::: Records provided :::
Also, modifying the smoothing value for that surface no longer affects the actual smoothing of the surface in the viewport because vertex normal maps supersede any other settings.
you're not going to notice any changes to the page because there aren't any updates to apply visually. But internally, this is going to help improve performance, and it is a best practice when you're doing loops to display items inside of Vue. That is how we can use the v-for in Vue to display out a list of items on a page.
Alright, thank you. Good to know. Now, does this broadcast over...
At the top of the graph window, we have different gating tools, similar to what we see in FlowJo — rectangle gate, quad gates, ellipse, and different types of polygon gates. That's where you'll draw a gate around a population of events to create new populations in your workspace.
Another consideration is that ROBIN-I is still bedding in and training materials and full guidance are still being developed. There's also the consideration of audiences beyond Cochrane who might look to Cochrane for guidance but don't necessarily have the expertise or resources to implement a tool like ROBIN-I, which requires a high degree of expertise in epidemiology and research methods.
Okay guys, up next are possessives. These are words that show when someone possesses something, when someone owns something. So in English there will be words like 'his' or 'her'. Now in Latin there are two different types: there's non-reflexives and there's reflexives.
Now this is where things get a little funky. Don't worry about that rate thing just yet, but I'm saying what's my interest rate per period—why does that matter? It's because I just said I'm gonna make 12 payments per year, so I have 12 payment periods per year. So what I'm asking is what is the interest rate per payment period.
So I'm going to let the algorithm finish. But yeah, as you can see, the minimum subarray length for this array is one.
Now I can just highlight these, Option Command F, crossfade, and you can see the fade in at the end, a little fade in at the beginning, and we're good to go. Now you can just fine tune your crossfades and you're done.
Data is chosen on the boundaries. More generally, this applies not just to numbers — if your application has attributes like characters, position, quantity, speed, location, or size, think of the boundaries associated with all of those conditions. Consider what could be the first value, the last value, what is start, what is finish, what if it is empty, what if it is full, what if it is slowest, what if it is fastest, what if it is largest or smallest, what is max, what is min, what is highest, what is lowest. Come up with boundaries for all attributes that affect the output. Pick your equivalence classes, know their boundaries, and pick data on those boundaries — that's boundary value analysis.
:::
What you should do
Locate the line that contains "So I'm going", then please quote it and every line after it to the end of the entries above, exactly and with nothing else.

Written answer
So I'm going to let the algorithm finish. But yeah, as you can see, the minimum subarray length for this array is one.
Now I can just highlight these, Option Command F, crossfade, and you can see the fade in at the end, a little fade in at the beginning, and we're good to go. Now you can just fine tune your crossfades and you're done.
Data is chosen on the boundaries. More generally, this applies not just to numbers — if your application has attributes like characters, position, quantity, speed, location, or size, think of the boundaries associated with all of those conditions. Consider what could be the first value, the last value, what is start, what is finish, what if it is empty, what if it is full, what if it is slowest, what if it is fastest, what if it is largest or smallest, what is max, what is min, what is highest, what is lowest. Come up with boundaries for all attributes that affect the output. Pick your equivalence classes, know their boundaries, and pick data on those boundaries — that's boundary value analysis.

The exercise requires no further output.